─── PROVIDED MATERIAL ───

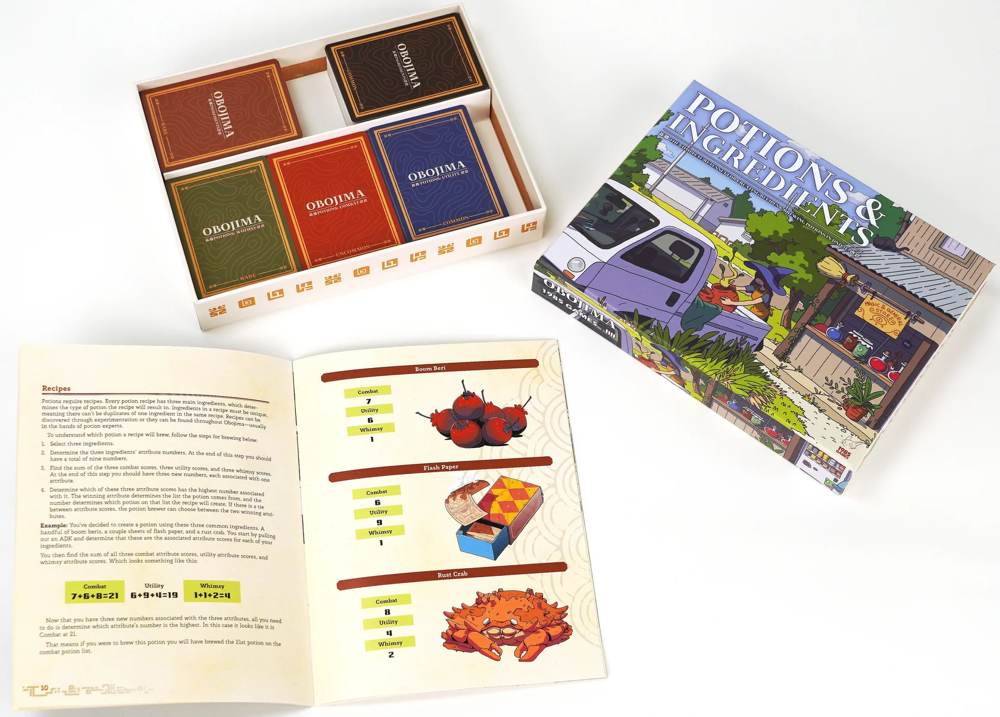 Obojima: Potions & Ingredient Boxed Set (New Arrival)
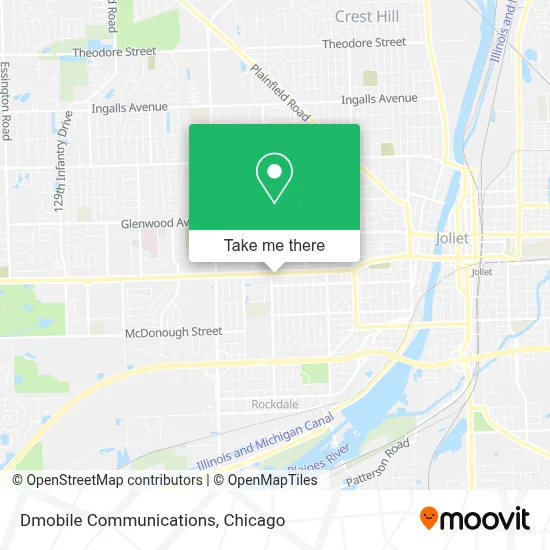 Dmobile Communications map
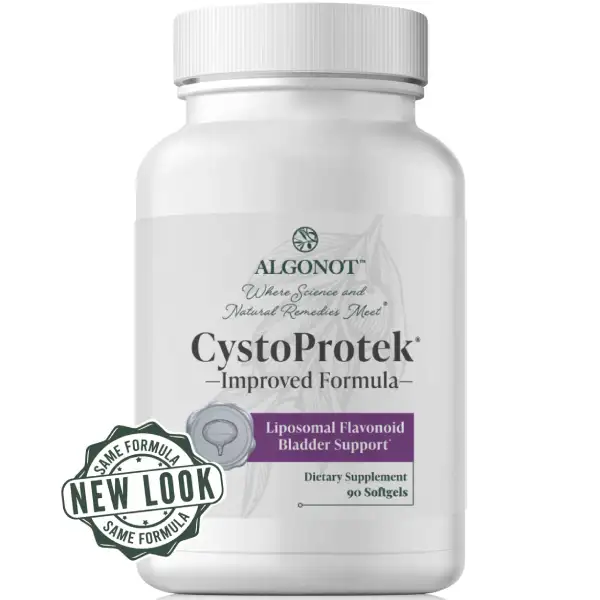 CystoProtek bladder health supplement with quercetin and GAG layer support for interstitial cystitis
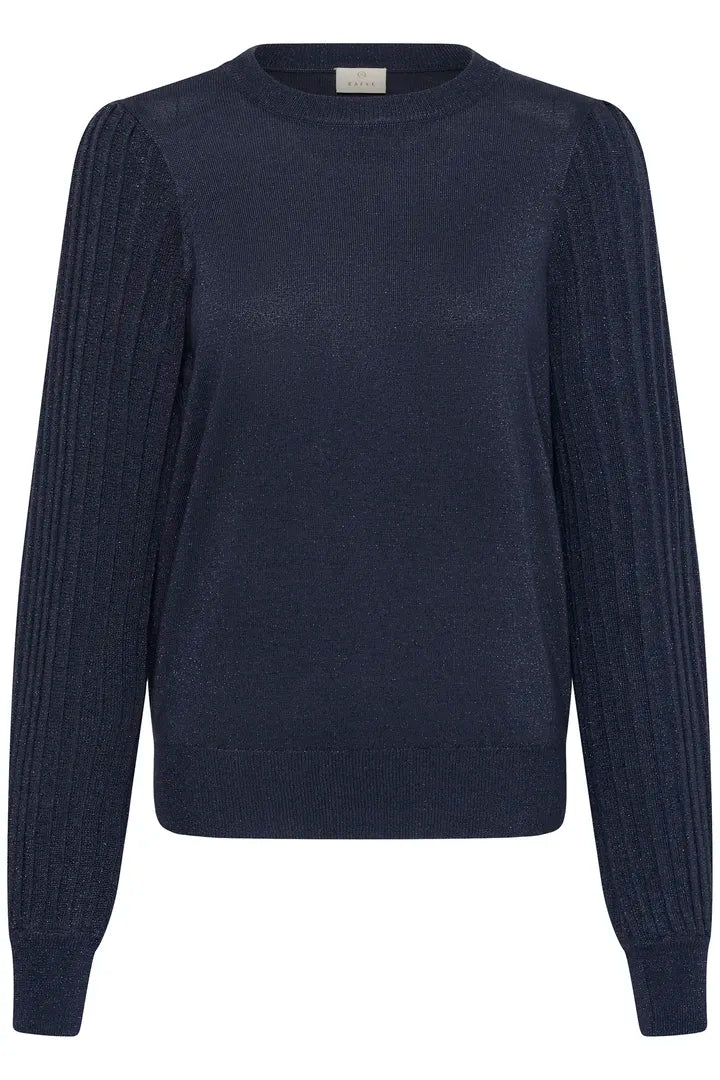 Regina pleat glitter toppur Blár - Kaffe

───

Any picture in the data is to be skipped, while each line is returned exactly as written.

## EXPECTED OUTPUT
 Obojima: Potions & Ingredient Boxed Set (New Arrival)
 Dmobile Communications map
 CystoProtek bladder health supplement with quercetin and GAG layer support for interstitial cystitis
 Regina pleat glitter toppur Blár - Kaffe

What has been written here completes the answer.